The last time I played with a four year old I was four
April 5, 2010 3:26 PM   Subscribe

Is a four year old too young to enjoy/remember going to see basketball?

I've got my niece for a day coming up and I need to figure out something to do with her... Do you remember going to any games at that age? Or is there some other trip you remember from that age? They live across the country so I don't expect to see her every so often growing up, but I'm hoping to give her something exciting and special to remember or to sort of connect with my name and face when I call her. Would another activity be more memorable do you think? Other ideas?
posted by golakers to Human Relations (23 answers total) 3 users marked this as a favorite
I remember going to a game of the World Series at 4 years old.
posted by The World Famous at 3:28 PM on April 5, 2010

I don't remember any individual sports events from that early, but I do remember that we went, and that it was exciting, and that I liked going later on because I remembered how much fun it was.

I know my girls always had a blast at sporting events even as babies, because it's exciting and it's fun to have a place for sanctioned screaming and because people think kids at sporting events are pretty cute and they get a lot of attention. Plus, junk food and souvenirs. Hard to go wrong.

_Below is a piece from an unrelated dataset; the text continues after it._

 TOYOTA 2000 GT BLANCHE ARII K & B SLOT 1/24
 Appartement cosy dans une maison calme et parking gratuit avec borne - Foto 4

So get her a shirt or a hat and a hot dog and a frozen lemonade or whatever the fun treat is, and scream real loud, is what I say. And take lots of pictures, because my girls get a massive kick when a picture rolls through the screen saver slideshow of Baby Them at sporting events.

She'll remember that you guys had a fun, crazy, screamy good time.
posted by padraigin at 3:34 PM on April 5, 2010 [3 favorites]

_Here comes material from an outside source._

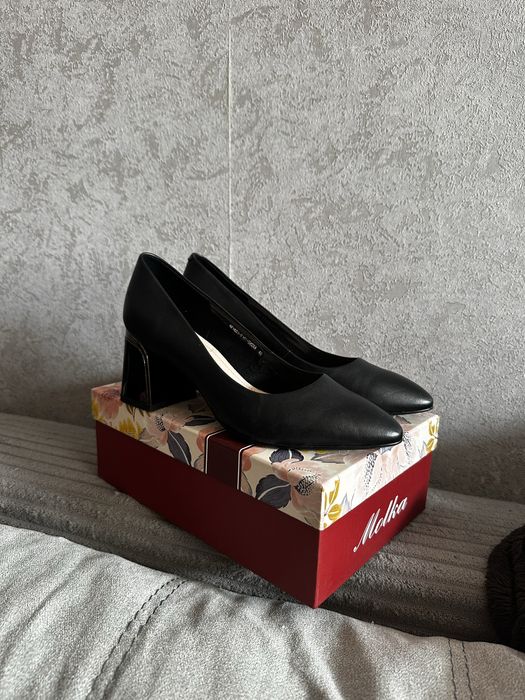 Туфлі шкіряні, лодочки чорні 40 розмір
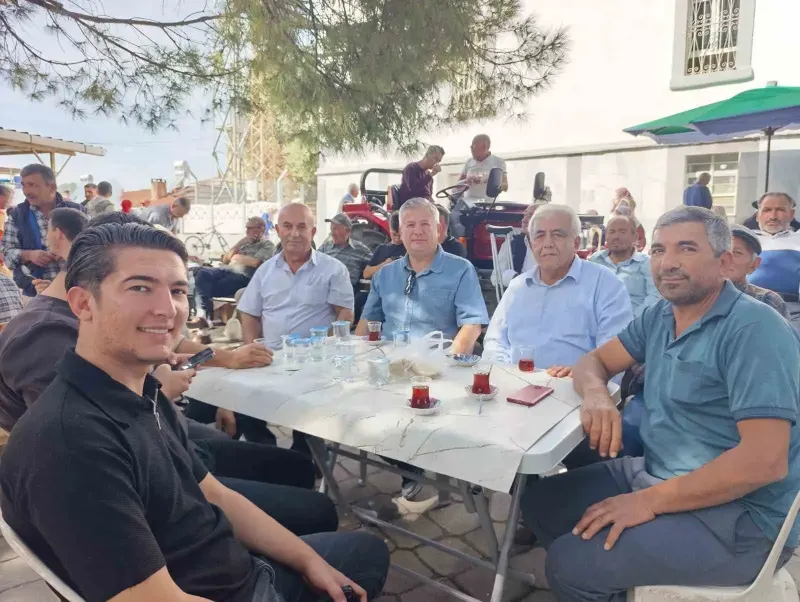 Manisa Gördes Yakaköy'de Geleneksel Köy Hayrında Vatandaşlar Buluştu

I certainly remember NOT being taken to the 1979 World Series at age 4, while my brother was.
posted by drjimmy11 at 3:35 PM on April 5, 2010 [5 favorites]

There isn't a single thing I remember before I was 5, and that was a major earthquake. I also remember breaking my nose at age 5. Lots of people have some memories from earlier, though, I'm just saying that it's possible that no matter what you do, she won't remember. Unless, you know, some buildings fall down.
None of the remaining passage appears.